Global.FFT.addListener(future, 2, TimeUnit.SECONDS, ctx.executor(),
new ForeignFutureListener<String,GetFuture<String>>() {
public void operationSuccess(String value) {
// do something ...
ctx.fireChannelRead(someval);
}
public void operationTimeout(GetFuture<String> f) {
// do something ...
}
public void operationFailure(Exception e) {
// do something ...
}
});
}
You don't want more than one or two FFT instances active at any time, or they could become a drain on CPU. But a single instance can handle thousands of outstanding Futures; about the only reason to have a second one would be to handle higher-latency calls, like S3, at a slower polling rate, say 10-20 milliseconds.
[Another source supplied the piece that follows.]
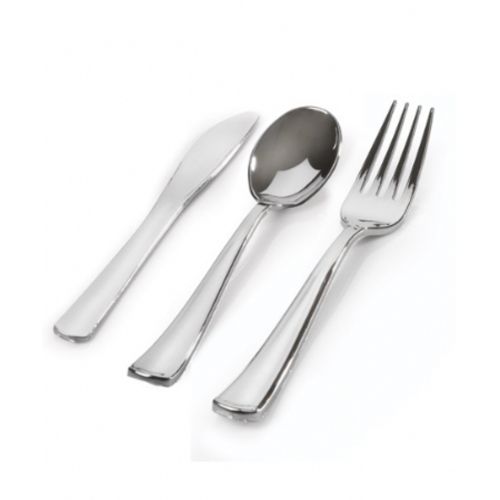 Fineline Settings 6011, Silver Secrets 24 Count Cutlery Combo (Fork, Spoon, Knife), 576/CS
One drawback of the polling approach is that it adds a small amount of latency. For example, polling once a millisecond, on average it will add 500 microseconds to the response time. That won't be an issue for most applications, and I think is more than offset by the memory and CPU savings over the thread pool approach.
I expect within a year or so this will be a non-issue, as more async clients provide callback mechanisms, letting you fully leverage NIO and the event-driven model.